What the exercise asks
Each line from the opening of the listing below through the line that contains "New 2026 Chevrolet" is to be output exactly as written.

Record extracts
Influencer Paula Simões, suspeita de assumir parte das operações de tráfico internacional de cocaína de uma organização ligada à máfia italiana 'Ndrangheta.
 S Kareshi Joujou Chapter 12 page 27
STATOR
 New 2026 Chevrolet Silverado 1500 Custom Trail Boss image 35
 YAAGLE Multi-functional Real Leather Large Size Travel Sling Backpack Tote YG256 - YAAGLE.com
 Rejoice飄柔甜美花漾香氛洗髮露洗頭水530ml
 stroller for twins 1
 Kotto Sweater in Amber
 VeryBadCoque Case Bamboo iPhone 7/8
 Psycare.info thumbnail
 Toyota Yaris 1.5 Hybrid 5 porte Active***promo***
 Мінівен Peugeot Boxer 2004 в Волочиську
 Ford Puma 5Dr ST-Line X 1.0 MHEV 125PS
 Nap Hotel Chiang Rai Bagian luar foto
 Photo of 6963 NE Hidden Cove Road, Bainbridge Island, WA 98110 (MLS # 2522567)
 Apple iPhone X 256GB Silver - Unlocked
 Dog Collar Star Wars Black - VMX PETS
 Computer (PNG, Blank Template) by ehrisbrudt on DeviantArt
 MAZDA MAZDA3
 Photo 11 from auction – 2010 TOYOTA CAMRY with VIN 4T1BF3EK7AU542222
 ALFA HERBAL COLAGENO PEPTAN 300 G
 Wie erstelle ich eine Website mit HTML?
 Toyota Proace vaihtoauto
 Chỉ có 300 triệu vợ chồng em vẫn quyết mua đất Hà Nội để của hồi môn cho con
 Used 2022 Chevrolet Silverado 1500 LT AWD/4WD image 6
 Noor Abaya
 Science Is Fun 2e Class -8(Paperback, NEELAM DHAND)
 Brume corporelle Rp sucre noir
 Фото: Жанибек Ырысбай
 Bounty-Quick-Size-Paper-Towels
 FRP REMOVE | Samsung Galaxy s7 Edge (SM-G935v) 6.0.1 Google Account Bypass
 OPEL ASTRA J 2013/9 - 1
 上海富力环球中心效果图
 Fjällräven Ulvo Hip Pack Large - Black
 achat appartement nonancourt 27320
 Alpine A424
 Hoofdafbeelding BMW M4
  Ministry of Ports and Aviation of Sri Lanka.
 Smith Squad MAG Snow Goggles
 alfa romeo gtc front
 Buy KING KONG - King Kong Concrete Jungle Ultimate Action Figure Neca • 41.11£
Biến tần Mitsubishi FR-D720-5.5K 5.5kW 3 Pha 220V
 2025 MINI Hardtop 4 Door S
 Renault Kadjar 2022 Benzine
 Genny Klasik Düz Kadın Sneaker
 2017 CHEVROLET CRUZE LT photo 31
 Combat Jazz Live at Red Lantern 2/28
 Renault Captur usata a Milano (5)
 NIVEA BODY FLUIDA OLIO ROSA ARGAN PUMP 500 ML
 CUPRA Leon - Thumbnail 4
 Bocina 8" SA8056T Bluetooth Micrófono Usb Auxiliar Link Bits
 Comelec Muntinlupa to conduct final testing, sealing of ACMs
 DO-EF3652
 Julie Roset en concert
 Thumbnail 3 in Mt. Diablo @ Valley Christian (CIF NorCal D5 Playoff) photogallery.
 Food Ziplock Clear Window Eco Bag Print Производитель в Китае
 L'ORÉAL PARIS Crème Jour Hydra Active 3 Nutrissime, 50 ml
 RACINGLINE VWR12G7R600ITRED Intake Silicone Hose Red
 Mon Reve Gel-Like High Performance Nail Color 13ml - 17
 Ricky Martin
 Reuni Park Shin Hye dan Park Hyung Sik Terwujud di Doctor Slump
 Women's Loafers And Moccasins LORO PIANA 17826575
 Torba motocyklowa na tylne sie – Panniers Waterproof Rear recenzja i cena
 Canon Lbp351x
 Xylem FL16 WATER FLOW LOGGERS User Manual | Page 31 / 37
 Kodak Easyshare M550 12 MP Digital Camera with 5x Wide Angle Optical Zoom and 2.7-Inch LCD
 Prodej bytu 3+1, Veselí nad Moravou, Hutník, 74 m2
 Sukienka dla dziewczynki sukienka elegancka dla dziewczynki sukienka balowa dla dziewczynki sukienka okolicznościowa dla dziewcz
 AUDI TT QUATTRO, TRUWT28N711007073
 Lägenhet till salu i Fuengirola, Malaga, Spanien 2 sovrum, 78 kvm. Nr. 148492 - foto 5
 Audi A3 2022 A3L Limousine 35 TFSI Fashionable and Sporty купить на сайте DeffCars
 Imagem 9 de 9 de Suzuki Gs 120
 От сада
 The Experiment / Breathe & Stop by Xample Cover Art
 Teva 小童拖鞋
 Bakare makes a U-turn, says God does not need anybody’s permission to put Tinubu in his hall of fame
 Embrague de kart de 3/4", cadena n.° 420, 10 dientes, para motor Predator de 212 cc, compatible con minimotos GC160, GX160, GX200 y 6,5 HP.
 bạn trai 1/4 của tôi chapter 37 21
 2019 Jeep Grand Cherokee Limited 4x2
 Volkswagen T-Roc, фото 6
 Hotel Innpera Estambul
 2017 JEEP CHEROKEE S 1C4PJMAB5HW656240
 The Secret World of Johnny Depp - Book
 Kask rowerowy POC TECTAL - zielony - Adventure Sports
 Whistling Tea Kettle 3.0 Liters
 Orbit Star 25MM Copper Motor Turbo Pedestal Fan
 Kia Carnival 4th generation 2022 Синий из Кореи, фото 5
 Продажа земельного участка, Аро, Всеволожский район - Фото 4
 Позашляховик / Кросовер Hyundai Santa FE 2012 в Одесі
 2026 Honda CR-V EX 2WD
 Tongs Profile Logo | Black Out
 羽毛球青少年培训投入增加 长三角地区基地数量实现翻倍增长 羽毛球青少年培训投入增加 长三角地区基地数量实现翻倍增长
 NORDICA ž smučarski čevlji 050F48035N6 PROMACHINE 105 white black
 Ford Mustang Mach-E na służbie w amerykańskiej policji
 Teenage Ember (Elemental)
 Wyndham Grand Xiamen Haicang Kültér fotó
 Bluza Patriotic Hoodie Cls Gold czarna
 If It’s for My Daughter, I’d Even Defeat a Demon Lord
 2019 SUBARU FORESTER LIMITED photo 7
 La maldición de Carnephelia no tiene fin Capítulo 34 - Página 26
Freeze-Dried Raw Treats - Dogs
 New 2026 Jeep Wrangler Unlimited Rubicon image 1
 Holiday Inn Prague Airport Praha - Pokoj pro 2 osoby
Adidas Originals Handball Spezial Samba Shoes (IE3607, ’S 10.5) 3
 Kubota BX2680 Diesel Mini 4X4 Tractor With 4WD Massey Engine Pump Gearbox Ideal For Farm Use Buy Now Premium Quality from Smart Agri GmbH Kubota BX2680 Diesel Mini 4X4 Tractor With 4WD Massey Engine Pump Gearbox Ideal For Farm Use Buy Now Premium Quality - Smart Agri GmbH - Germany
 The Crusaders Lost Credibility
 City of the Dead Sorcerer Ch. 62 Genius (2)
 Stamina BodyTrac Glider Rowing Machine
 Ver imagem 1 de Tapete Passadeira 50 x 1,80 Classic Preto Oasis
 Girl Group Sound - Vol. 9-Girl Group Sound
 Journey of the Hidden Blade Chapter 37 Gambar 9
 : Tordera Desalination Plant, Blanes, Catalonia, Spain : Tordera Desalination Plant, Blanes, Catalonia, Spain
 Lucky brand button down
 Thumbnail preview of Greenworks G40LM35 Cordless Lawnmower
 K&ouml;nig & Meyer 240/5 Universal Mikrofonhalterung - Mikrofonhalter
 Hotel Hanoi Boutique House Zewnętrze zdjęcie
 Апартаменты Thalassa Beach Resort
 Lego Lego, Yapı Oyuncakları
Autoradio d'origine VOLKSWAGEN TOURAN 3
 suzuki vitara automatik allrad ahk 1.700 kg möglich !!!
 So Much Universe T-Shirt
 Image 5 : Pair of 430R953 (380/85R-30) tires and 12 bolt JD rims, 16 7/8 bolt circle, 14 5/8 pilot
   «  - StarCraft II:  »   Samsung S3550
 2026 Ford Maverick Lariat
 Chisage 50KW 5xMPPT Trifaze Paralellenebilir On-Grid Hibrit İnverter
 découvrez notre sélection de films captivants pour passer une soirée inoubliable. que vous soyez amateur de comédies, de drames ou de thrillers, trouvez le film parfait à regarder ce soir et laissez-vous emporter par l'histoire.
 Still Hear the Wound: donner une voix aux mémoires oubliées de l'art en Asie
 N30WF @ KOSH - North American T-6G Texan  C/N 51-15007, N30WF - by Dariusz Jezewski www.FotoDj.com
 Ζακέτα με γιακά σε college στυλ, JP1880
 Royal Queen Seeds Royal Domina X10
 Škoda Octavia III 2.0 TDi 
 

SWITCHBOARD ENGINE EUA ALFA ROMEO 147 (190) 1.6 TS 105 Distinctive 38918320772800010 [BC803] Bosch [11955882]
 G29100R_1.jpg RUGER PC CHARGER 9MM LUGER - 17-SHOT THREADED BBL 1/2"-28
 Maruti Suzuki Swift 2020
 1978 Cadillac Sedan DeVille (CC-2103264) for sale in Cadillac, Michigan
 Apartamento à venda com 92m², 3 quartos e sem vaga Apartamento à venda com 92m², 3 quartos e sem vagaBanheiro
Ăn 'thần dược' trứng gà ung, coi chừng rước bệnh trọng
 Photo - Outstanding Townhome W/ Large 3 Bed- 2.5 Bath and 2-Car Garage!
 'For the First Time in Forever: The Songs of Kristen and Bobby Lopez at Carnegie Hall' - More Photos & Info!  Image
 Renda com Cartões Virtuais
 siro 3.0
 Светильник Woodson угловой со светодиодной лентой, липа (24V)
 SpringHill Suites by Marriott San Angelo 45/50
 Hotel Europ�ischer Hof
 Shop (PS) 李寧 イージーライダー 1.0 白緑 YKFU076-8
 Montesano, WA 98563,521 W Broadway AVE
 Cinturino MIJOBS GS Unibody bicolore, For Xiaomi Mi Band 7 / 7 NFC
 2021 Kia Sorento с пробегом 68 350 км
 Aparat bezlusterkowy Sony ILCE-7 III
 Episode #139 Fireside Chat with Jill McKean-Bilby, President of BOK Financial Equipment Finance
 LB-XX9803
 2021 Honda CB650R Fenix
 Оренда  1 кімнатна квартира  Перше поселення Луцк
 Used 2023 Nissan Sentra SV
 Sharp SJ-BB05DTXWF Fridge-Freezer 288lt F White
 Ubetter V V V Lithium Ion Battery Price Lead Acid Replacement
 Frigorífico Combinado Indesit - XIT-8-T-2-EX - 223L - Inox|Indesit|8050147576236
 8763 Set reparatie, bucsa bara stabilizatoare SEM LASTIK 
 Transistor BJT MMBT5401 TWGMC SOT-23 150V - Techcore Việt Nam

Written response
Influencer Paula Simões, suspeita de assumir parte das operações de tráfico internacional de cocaína de uma organização ligada à máfia italiana 'Ndrangheta.
 S Kareshi Joujou Chapter 12 page 27
STATOR
 New 2026 Chevrolet Silverado 1500 Custom Trail Boss image 35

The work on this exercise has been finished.